Opposition councillors are dismayed at the decision by Walsall council to close ten beds for mental health patients in Walsall, which could leave vulnerable people at risk. The decision to close the unit was taken by the council’s controlling Conservative and Liberal Democrat coalition at a cabinet meeting last week.
Broadway North Residential Unit in Chuckery provides ten respite and crisis beds to adults suffering from illnesses such as clinical depression, and closure comes as Walsall council discusses plans to cut £18.9 million from its budget. Cabinet members supported the proposal despite it being part of the draft budget which is supposedly open to change while a public consultation is carried out.

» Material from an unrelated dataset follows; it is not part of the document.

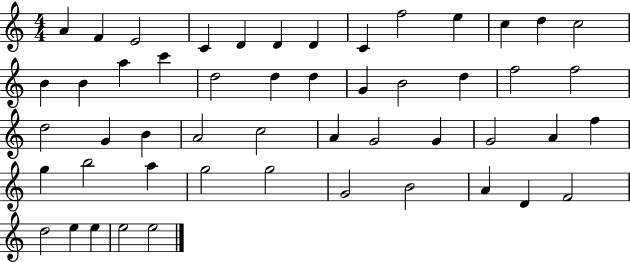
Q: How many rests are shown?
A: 0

Labour members of the council say it shows how the authority’s Conservative and Lib Dem coalition are targeting social services and failing to protect the vulnerable. They will now ask the Conservative/Lib Dem Coalition which runs the council to put politics aside to find a better alternative to the ‘just shut it’ argument.
Labour group leader and chair of the influential Social Services Scrutiny Panel, Tim Oliver, said the proposal to close the unit was an example of the cabinet’s out of touch priorities. He said: “Staff, patients and the public rightly believe this is the sort of service we should be protecting not threatening with closure, and that’s why Labour has opposed this closure, as our research has failed to provide assurances that thought-out alternative plans are in place for this vulnerable group. Leaving patients without the support they need when their illnesses threaten to overwhelm them is the epitome of the Tory and Lib Dem policies which ignore the needs of the vulnerable and only store up problems for the future.
The council claims that an alternative unit run by a local social housing landlord could cover the gap, but staff have told Labour councillors that this would create periods when clinicians are frantically searching for beds. This is made worse by the fact that patients with mental illnesses often present themselves when they hit crisis point and they need immediate treatment and care. Closing the unit is believed to enable the council to save around £100,000 per year.